In this study, a feedforward MLP with one hidden layer was constructed and trained by backpropagation with gradient decent optimization algorithm (Fig. 1). The transfer function consists of a hyperbolic tangent sigmoid function in the hidden layer and a linear function in the output layer which is a most commonly used form. Detailed descriptions of MLP can be found in27,28.

Figure 1
figure 1

Schematic diagram demonstrating the architecture of backpropagation neural network. xi, hj and yk represent the nodal values in the input layer, hidden layer and output layer, respectively; n, N and m are the number of nodes in the input layer, hidden layer and output layer; wji is the weight connecting the input xi and the jth neuron in the hidden layer; wkj is the weight connecting the jth neuron in the hidden layer (hj) and the output yk; bj and bk are the biases in the hidden layer and output layer; f1 and f2 are the activation functions in the hidden layer and the output layer.
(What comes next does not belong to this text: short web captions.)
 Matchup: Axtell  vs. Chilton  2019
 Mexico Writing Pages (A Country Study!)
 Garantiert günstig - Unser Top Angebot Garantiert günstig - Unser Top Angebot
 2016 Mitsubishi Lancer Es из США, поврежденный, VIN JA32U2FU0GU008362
Radial basis function network

RBF network is generally a three-layer ANN using RBF as activation functions in the hidden layer. In the first layer (input layer), the number of neurons is identical to the input vectors. The radial basis functions in the hidden layer map the input vectors into a high dimension space. The neurons in the output layer of the network is calculated based on a linear combination of the hidden layer outputs (Eq. (1)). The characteristic feature of RBF is that the responses increase (or decrease) monotonically with Euclidean distance between the center and the input vectors. The architecture of RBF network is the same as MLP (shown in Fig. 1). Backpropagation is also used to update the parameters29.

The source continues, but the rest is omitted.